Dimanapun mereka berada, anak-anak memiliki hak yang sama untuk belajar dan bergembira.
  
Senyum polos mereka yang membuat saya rindu untuk kembali ke Desa Batu Lintang.

Bermain dengan bunga Alamanda di depan sekolah.

Tampak depan SDN 13 Pulan.

Tampak depan bangunan SMP di komplek SD-SMP Satu Atp Negeri 02 di Dusun Sungai Utik

Selepas SD anak-anak di Dusun Pulan melanjutkan ke jenjang pendidikan SMP. Sebagian dari mereka melanjutkan sekolah ke SMP Satu Atap di Dusun Sungai Utik, namun mereka harus berjalan kaki menempuh jarak sekitar 3,6 km menuju sekolah setiap harinya. Pagi buta sekitar pukul 05.00 pagi mereka sudah mulai berangkat sekolah dengan jalan kaki bersama-sama, terkadang mereka menumpang DAMRI yang kebetulan lewat. Rutinitas ini mereka lakukan setiap hari karena terbatasnya angkutan umum yang lewat di Jalan Lintang. Selepas SMP, anak-anak di Desa Batu Lintang harus merantau dari kampungnya, kebanyakan dari mereka bersekolah SMA di Sintang, Martinus, maupun ke Putussibau.

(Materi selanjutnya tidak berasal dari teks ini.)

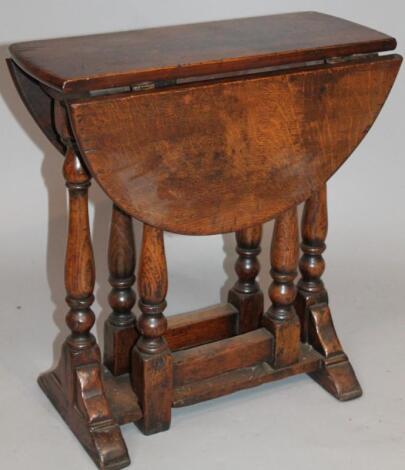 A Jacobean style oak miniature D-end table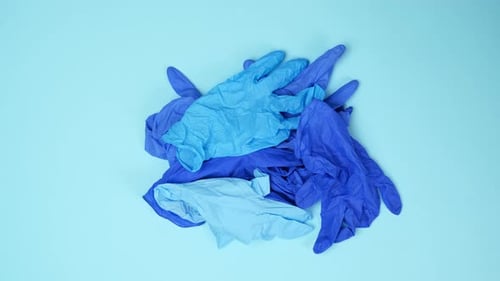 Hands Place Medical Gloves on Blue Surface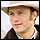 Pixelated static image of a person wearing a light-colored wide-brimmed hat and dark clothing with white collar, set against a pale background.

Anak anak SMP yang berasal dari Dusun Pulan berjalan kaki setiap hari untuk menuju SMP Satap yang ada di Dusun Sungai Utik
Terkadang mereka menumpang bus DAMRI yang kebetulan lewat.

Ketika sore menjelang mereka memilih menumpang di atap bus agar lebih cepat sampai di rumah.

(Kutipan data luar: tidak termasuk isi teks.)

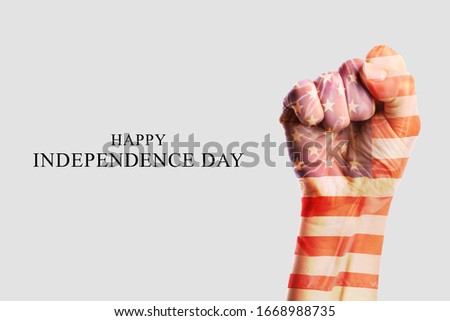 Double exposure of hand with clenched fist and USA flag on light background. Independence Day celebration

Keceriaan yang ditunjukkan anak-anak di Desa Batu Lintang menggugah kami bahwa masih ada semangat belajar dan optimisme dari generasi muda di desa ini. Mereka dengan penuh sukacita menuntut ilmu untuk mencapai cita-citanya. Saya masih ingat betul ketika di depan kelas anak-anak satu persatu mengungkapkan cita-cita mereka. Menjadi guru, pemain sepakbola, dan lain sebagainya. Sangat membanggakan namun juga miris, mengingat anak-anak di pelosok pun memiliki hak yang sama untuk memperoleh pendidikan yang layak...

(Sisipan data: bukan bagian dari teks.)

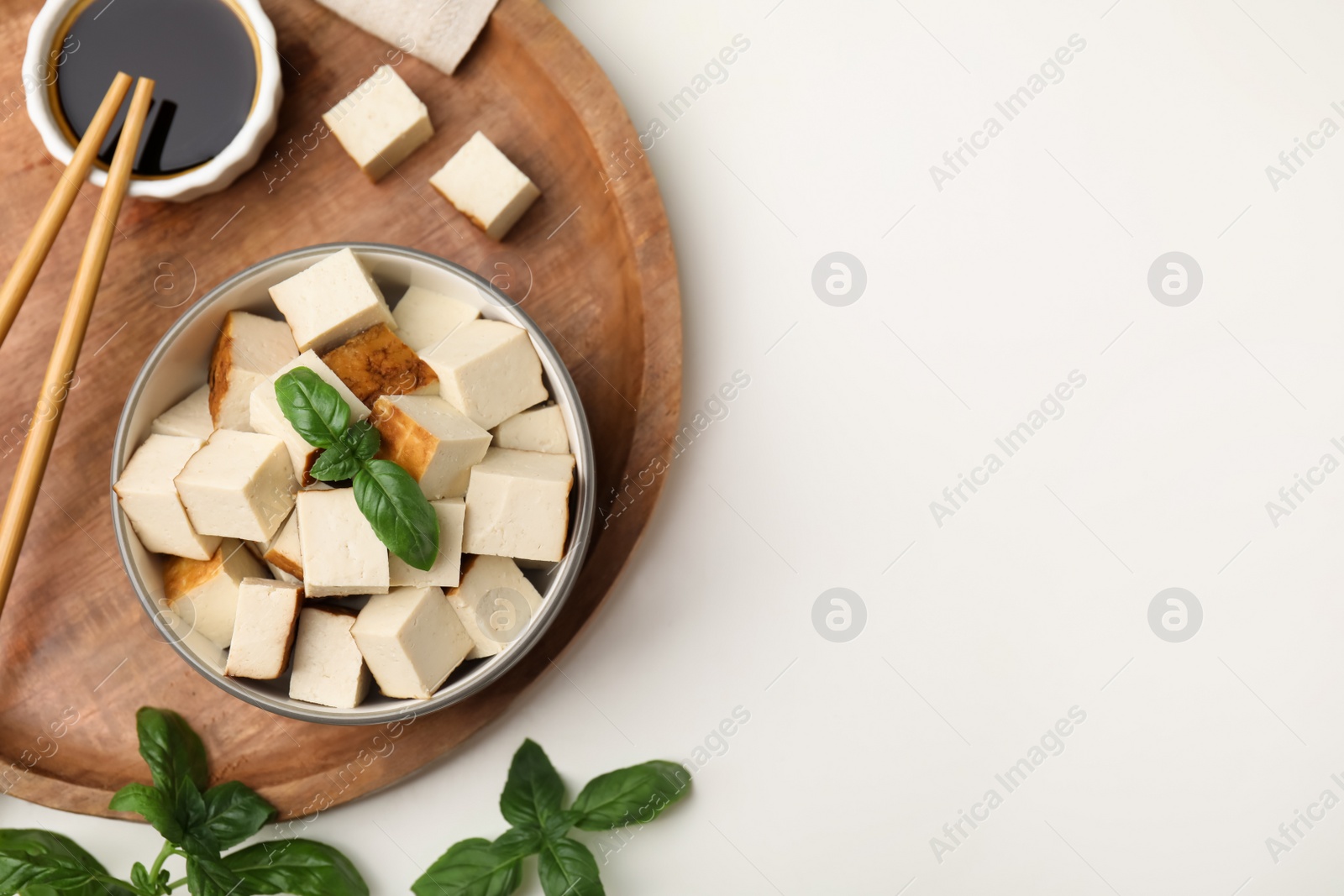 Photo of Wooden tray with bowl of smoked tofu cubes, basil and soy sauce on white table, flat lay. Space for text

Setiap momen yang kami lalui di desa ini, tidak lupa kami abadikan dalam foto dan video, ini dia beberapa diantaranya. Smile.

Gadis gadis berbaris yang rapi ya, kita akan masuk ke rumah betang untuk upacara penyambutan.


Colourful selfie


Soo sorry i can't stop selfie cause this adorable cape


Hey gorgeous, ada Nabhela (@nabhelaayu), aku, dan Fitri (@fiwulandari)





Pak Remang (Kades) memainkan alat musik mengiringi tarian Suku Dayak Iban


Tuan rumah di rumah betang Dusun Pulan membuka upacara perayaan Lebaran.


Makan khas tidak lupa dihidangkan pada perayaan ini dengan bahan baku utamanya adalah beras ketan.


Gadis gadis belia ini bersiap menampilkan tarian Dayak Iban.


Lelah tapi juga sangat bahagia selama perayaan ini.



Terimakasih atas sambutannya yang begitu hangat dan sangat meriah. Tersenyum lebar karena saya benar-benar bahagia.

Selamat lebaran salam hangat dan penuh cinta dari kami tim KKN UGM dan warga Desa Batu Lintang.